■ Work to complete ■
Nothing below is to be printed except the lines between the line holding "Load image into" and the line holding "n번째연애 n번째연애", inclusive, each exactly as it appears.

■ Exercise material ■
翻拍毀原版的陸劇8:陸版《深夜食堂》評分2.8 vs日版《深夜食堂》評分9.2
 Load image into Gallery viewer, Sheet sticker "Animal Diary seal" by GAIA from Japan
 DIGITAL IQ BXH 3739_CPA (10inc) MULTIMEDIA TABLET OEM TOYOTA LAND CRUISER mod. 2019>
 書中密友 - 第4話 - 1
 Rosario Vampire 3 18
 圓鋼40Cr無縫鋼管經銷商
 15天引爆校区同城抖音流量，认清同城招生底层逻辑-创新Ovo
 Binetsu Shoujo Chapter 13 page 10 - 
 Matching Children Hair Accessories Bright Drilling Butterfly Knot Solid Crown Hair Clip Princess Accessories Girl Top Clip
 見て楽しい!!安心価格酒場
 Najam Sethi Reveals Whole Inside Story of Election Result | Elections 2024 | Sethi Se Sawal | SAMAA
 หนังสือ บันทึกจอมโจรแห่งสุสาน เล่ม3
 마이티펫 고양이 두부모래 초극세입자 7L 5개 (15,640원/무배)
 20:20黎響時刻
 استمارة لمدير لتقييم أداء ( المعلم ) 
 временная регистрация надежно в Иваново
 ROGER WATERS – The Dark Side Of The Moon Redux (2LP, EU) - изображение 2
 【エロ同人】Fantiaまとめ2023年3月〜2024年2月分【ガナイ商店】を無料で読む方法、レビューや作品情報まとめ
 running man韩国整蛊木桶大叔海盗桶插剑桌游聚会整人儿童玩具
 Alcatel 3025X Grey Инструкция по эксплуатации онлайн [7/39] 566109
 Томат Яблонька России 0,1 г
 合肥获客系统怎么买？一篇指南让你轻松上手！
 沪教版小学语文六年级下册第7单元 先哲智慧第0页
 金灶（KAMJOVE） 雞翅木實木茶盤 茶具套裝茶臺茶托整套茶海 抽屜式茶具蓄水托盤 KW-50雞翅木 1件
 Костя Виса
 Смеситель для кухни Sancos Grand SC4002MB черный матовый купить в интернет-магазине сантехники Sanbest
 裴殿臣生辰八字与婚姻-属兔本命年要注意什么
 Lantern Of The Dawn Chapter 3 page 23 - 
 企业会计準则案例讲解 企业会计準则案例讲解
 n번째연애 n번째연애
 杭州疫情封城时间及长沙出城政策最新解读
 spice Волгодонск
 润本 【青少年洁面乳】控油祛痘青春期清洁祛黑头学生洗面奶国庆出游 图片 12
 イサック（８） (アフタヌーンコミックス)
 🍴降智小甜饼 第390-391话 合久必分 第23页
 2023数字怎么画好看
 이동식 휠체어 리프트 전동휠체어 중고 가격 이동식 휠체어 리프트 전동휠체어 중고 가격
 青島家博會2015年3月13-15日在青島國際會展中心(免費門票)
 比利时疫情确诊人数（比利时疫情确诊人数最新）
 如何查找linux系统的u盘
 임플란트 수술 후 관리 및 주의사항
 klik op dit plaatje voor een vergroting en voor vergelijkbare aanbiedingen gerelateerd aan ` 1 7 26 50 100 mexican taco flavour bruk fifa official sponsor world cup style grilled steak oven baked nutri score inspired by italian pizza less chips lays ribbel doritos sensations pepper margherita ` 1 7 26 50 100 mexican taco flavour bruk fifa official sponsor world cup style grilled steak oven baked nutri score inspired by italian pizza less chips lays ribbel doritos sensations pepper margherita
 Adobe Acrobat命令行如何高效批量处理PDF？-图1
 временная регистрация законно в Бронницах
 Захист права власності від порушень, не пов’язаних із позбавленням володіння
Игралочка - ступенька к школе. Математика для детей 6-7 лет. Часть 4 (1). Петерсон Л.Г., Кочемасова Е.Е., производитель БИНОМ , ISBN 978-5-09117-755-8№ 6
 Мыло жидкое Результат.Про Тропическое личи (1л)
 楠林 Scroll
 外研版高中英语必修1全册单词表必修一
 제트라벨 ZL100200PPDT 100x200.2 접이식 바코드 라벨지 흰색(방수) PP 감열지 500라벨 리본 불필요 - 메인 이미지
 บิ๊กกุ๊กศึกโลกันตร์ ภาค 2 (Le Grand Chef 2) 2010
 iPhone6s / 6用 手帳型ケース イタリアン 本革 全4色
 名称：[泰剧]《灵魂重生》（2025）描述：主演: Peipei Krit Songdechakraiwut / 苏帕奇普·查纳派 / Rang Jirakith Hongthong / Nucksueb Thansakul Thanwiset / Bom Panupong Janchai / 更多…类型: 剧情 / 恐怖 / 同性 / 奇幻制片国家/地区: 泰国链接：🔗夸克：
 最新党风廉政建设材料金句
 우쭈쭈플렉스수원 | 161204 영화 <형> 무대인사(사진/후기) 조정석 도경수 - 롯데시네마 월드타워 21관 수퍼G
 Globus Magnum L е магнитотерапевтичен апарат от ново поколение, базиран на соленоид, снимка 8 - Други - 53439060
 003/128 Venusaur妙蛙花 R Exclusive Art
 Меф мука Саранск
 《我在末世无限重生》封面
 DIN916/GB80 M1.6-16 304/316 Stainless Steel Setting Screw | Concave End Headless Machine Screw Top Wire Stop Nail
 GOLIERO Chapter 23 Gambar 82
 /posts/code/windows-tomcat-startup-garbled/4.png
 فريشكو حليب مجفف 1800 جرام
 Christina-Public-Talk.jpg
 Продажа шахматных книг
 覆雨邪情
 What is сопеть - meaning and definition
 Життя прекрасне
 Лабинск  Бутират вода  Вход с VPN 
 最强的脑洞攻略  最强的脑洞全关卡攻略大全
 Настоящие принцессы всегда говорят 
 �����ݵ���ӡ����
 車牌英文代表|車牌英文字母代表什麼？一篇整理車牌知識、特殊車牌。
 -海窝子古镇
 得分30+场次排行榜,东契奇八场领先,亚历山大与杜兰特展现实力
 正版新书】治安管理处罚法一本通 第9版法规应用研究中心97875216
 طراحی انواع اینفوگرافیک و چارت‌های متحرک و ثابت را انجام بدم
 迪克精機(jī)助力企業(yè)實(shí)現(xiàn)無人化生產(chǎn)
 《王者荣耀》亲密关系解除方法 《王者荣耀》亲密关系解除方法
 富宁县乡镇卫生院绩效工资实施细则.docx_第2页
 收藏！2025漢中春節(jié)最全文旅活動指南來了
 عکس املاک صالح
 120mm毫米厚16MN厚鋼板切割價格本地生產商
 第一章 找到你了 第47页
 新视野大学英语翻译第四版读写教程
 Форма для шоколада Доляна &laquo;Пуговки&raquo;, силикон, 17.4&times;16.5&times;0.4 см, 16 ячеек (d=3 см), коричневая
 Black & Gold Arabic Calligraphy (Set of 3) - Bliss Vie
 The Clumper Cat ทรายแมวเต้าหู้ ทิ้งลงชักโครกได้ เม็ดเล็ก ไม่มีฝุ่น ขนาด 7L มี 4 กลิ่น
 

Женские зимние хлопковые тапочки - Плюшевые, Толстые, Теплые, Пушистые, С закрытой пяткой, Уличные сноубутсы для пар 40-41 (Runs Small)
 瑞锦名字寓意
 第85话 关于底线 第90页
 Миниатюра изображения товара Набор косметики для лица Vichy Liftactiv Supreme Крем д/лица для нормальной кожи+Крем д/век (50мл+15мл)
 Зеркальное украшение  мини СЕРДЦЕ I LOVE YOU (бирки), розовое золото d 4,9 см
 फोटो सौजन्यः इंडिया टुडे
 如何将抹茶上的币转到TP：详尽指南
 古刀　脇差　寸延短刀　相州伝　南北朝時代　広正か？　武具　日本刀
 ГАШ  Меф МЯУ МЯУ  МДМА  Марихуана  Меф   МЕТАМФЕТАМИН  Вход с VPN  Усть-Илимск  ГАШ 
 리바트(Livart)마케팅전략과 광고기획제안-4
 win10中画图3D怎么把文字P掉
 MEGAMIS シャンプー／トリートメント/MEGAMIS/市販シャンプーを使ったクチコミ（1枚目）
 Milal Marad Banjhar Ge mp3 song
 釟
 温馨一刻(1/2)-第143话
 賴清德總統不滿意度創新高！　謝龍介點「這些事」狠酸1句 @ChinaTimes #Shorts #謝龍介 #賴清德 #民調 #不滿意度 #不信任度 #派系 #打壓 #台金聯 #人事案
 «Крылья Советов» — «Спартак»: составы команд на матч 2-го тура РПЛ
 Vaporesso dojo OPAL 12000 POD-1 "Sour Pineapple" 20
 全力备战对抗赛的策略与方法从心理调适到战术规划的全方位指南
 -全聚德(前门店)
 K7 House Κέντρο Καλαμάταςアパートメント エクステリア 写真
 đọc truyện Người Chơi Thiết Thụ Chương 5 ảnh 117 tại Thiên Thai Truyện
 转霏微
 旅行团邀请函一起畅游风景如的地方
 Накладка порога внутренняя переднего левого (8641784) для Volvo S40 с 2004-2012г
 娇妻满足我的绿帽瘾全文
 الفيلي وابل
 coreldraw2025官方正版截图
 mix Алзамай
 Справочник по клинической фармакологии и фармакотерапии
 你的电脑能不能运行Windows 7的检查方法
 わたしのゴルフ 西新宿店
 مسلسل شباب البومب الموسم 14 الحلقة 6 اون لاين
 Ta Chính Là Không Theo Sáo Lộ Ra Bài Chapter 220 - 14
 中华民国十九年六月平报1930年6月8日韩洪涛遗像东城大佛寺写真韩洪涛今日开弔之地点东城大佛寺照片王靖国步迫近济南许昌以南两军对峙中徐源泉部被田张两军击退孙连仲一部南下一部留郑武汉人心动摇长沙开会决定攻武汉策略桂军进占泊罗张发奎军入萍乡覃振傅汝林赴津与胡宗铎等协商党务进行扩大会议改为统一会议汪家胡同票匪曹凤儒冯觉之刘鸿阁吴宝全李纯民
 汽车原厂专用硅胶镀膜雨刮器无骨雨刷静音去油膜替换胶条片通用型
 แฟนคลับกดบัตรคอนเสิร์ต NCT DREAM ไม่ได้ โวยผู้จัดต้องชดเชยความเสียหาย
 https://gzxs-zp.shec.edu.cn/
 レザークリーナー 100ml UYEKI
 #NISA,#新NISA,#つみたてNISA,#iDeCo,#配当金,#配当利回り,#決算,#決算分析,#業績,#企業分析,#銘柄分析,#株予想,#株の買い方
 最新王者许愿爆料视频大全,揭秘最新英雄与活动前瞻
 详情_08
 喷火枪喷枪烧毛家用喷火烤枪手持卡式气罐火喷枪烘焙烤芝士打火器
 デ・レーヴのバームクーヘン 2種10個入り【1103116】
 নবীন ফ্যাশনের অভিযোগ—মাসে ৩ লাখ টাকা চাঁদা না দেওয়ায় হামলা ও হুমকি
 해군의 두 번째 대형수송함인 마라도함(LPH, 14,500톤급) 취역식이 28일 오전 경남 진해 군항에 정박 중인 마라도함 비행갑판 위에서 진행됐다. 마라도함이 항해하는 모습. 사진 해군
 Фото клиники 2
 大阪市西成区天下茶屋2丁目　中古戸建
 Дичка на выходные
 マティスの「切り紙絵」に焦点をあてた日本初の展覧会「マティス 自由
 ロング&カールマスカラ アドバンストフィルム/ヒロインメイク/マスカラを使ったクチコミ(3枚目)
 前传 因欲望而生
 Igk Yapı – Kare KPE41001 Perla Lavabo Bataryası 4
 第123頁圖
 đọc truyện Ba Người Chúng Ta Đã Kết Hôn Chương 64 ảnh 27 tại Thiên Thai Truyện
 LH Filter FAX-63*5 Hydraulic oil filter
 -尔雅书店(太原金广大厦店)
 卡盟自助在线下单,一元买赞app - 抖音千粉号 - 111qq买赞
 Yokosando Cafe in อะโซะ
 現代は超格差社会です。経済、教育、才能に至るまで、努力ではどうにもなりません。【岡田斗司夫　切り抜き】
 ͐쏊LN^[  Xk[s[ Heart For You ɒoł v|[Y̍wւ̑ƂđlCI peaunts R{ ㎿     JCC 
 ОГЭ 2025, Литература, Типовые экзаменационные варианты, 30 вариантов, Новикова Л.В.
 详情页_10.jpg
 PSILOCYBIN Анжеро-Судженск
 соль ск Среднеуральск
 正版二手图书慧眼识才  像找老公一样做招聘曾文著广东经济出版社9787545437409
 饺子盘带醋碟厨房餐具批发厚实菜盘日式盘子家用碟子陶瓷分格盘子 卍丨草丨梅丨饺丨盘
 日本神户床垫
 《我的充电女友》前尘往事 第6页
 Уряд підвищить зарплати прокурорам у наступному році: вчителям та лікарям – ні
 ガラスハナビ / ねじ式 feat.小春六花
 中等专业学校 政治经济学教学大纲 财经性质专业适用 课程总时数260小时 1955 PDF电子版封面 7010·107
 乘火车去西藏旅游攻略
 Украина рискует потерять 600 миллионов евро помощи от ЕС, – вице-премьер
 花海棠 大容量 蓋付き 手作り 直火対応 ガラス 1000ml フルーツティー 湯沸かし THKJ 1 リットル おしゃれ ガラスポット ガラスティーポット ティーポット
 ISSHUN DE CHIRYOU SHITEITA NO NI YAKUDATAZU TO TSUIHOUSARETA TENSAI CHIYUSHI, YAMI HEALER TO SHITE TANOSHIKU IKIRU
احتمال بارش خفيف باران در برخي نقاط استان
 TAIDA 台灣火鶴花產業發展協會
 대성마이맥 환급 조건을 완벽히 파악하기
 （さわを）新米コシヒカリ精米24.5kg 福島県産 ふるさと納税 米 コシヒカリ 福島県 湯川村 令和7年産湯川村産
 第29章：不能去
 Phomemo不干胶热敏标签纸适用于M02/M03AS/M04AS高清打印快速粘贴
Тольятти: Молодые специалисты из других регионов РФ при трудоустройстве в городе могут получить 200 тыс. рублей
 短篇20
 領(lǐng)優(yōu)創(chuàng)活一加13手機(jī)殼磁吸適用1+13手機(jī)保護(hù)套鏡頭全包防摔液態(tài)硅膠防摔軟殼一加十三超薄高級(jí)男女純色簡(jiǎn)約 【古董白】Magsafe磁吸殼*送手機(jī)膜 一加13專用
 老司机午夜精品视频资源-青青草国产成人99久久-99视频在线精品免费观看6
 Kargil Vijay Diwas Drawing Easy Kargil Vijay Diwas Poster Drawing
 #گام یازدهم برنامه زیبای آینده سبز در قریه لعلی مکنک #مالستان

■ Answer box ■
 Load image into Gallery viewer, Sheet sticker "Animal Diary seal" by GAIA from Japan
 DIGITAL IQ BXH 3739_CPA (10inc) MULTIMEDIA TABLET OEM TOYOTA LAND CRUISER mod. 2019>
 書中密友 - 第4話 - 1
 Rosario Vampire 3 18
 圓鋼40Cr無縫鋼管經銷商
 15天引爆校区同城抖音流量，认清同城招生底层逻辑-创新Ovo
 Binetsu Shoujo Chapter 13 page 10 - 
 Matching Children Hair Accessories Bright Drilling Butterfly Knot Solid Crown Hair Clip Princess Accessories Girl Top Clip
 見て楽しい!!安心価格酒場
 Najam Sethi Reveals Whole Inside Story of Election Result | Elections 2024 | Sethi Se Sawal | SAMAA
 หนังสือ บันทึกจอมโจรแห่งสุสาน เล่ม3
 마이티펫 고양이 두부모래 초극세입자 7L 5개 (15,640원/무배)
 20:20黎響時刻
 استمارة لمدير لتقييم أداء ( المعلم ) 
 временная регистрация надежно в Иваново
 ROGER WATERS – The Dark Side Of The Moon Redux (2LP, EU) - изображение 2
 【エロ同人】Fantiaまとめ2023年3月〜2024年2月分【ガナイ商店】を無料で読む方法、レビューや作品情報まとめ
 running man韩国整蛊木桶大叔海盗桶插剑桌游聚会整人儿童玩具
 Alcatel 3025X Grey Инструкция по эксплуатации онлайн [7/39] 566109
 Томат Яблонька России 0,1 г
 合肥获客系统怎么买？一篇指南让你轻松上手！
 沪教版小学语文六年级下册第7单元 先哲智慧第0页
 金灶（KAMJOVE） 雞翅木實木茶盤 茶具套裝茶臺茶托整套茶海 抽屜式茶具蓄水托盤 KW-50雞翅木 1件
 Костя Виса
 Смеситель для кухни Sancos Grand SC4002MB черный матовый купить в интернет-магазине сантехники Sanbest
 裴殿臣生辰八字与婚姻-属兔本命年要注意什么
 Lantern Of The Dawn Chapter 3 page 23 - 
 企业会计準则案例讲解 企业会计準则案例讲解
 n번째연애 n번째연애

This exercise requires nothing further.